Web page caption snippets

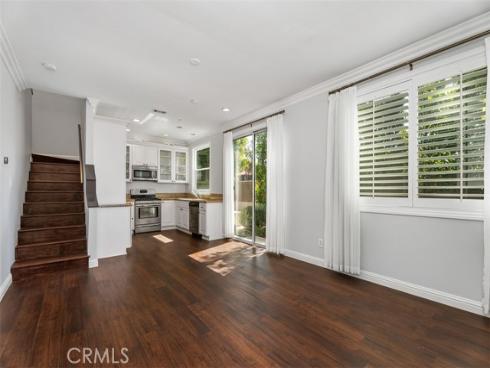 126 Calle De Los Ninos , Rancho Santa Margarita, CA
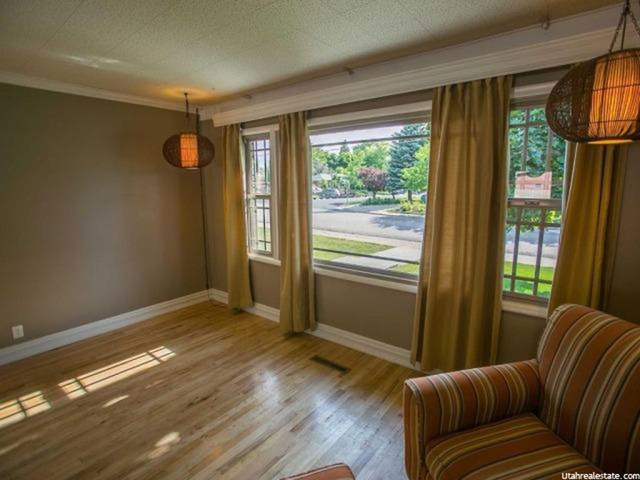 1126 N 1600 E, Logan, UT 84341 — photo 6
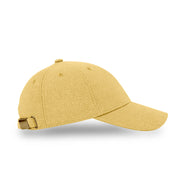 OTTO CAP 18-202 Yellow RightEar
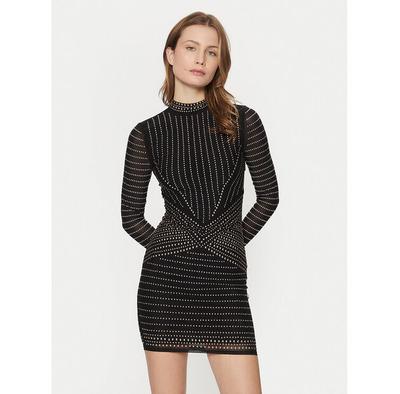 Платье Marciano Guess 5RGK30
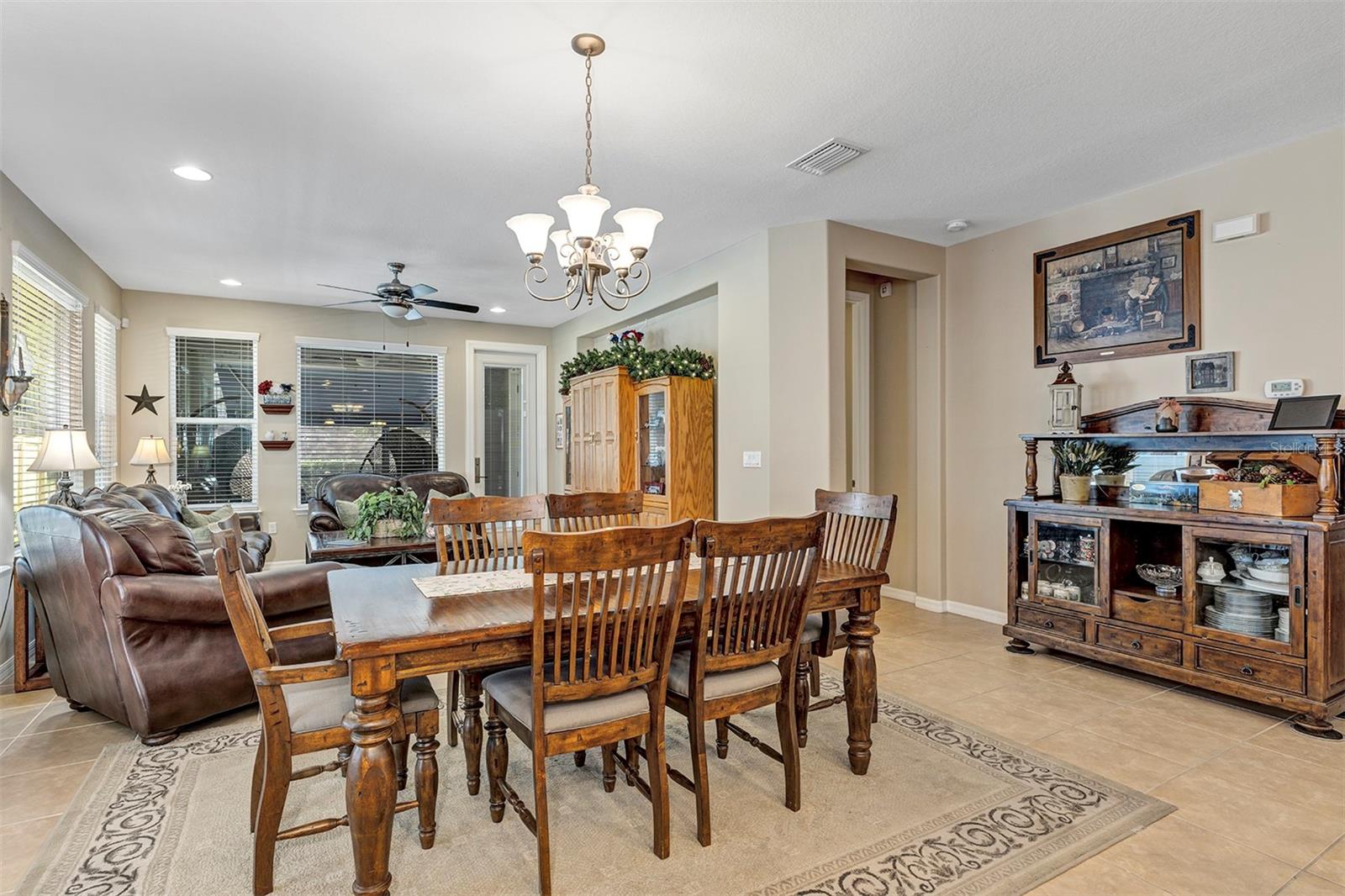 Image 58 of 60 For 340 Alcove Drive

### Problem description
The records are to be retyped in full and exactly, with no image carried over.

### Answer below
 126 Calle De Los Ninos , Rancho Santa Margarita, CA
 1126 N 1600 E, Logan, UT 84341 — photo 6
 OTTO CAP 18-202 Yellow RightEar
 Платье Marciano Guess 5RGK30
 Image 58 of 60 For 340 Alcove Drive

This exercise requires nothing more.